◆ **Work item**
Transcribe only what runs from the line containing "May include: A" through the end of the listing, line for line and exactly, and omit the pictures.

◆ **Stored data**

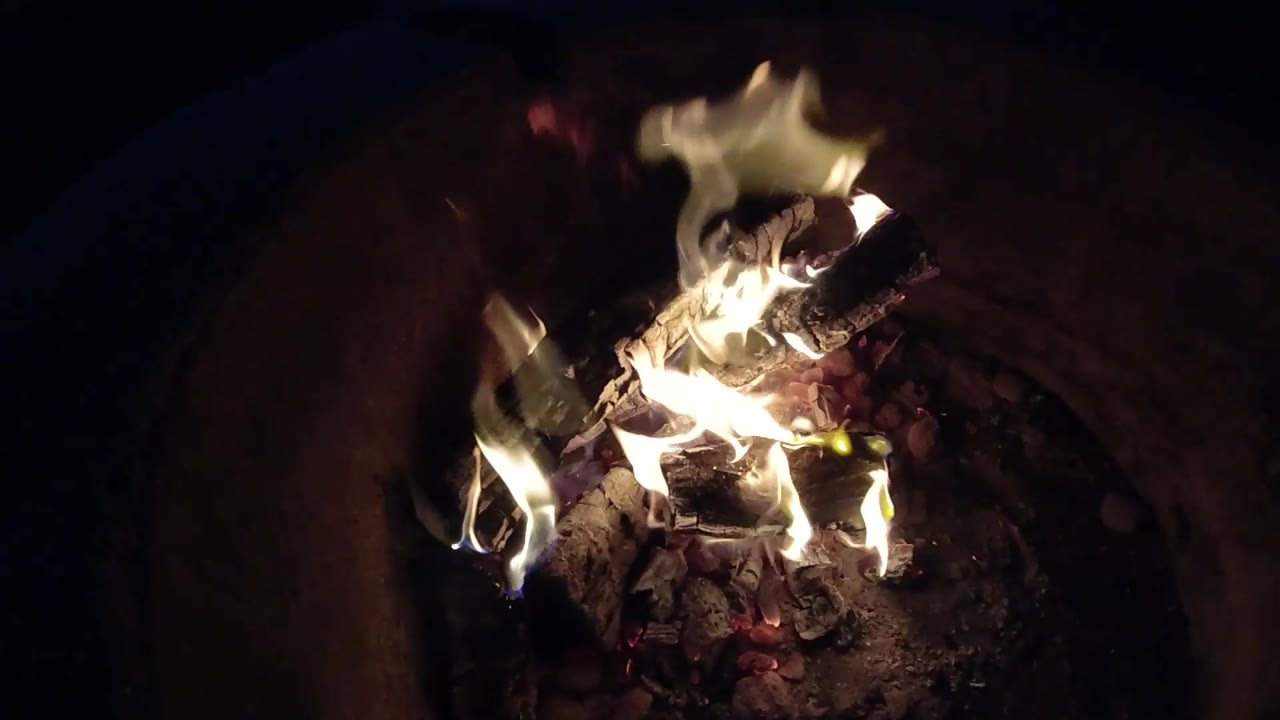 At 0:03, taller flames lift above the charred logs and expose glowing red coals underneath in the Pismo Beach, California backyard fire, with no visible people.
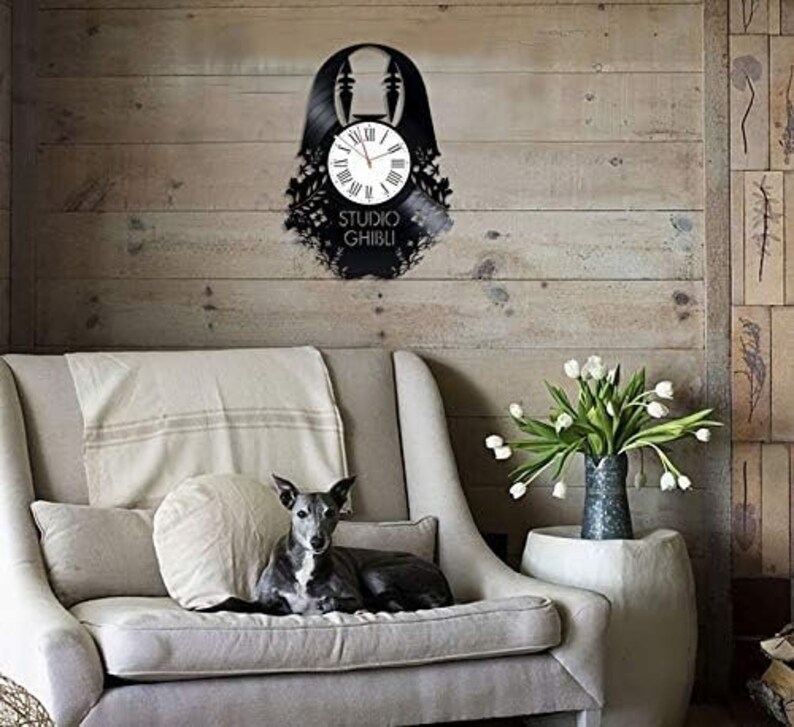 May include: A black vinyl record clock featuring a silhouette of a character from the Studio Ghibli film Spirited Away. The clock is mounted on a wall with a wooden background. The clock face is white with black numbers and hands. The clock is surrounded by a black vinyl record with a black and white image of the character.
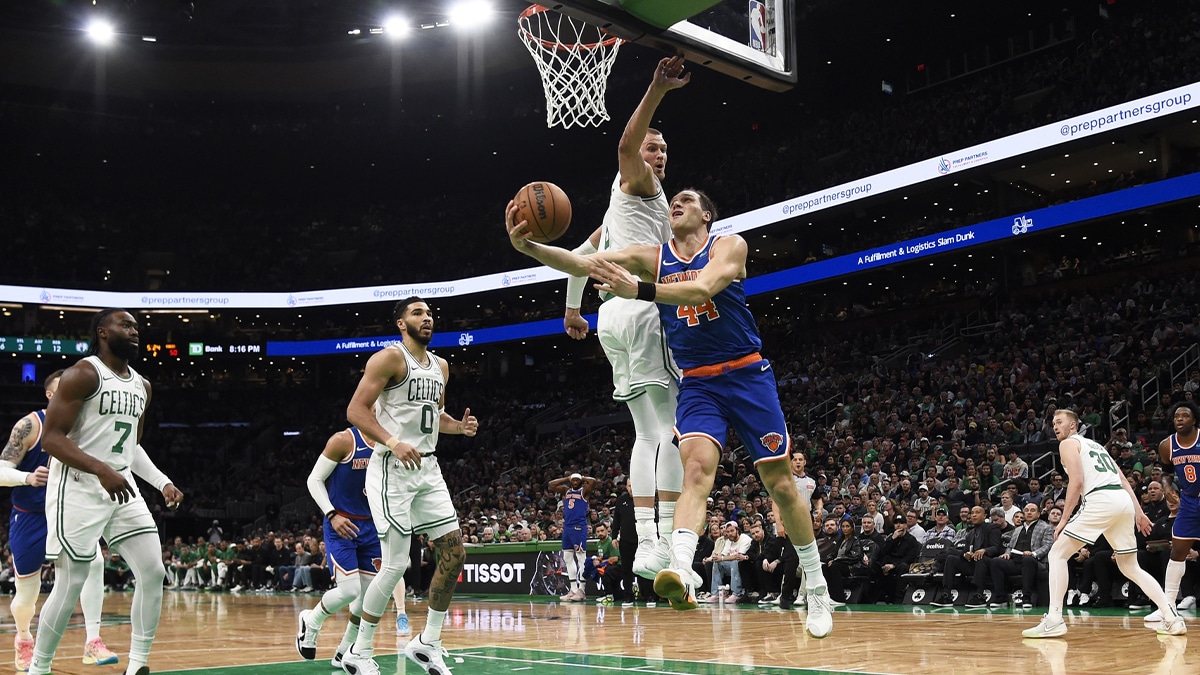 New York Knicks forward Bojan Bogdanovic (44) drives to the basket past Boston Celtics center Kristaps Porzingis (8) during the first half at TD Garden.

◆ **Completed task**
 May include: A black vinyl record clock featuring a silhouette of a character from the Studio Ghibli film Spirited Away. The clock is mounted on a wall with a wooden background. The clock face is white with black numbers and hands. The clock is surrounded by a black vinyl record with a black and white image of the character.
 New York Knicks forward Bojan Bogdanovic (44) drives to the basket past Boston Celtics center Kristaps Porzingis (8) during the first half at TD Garden.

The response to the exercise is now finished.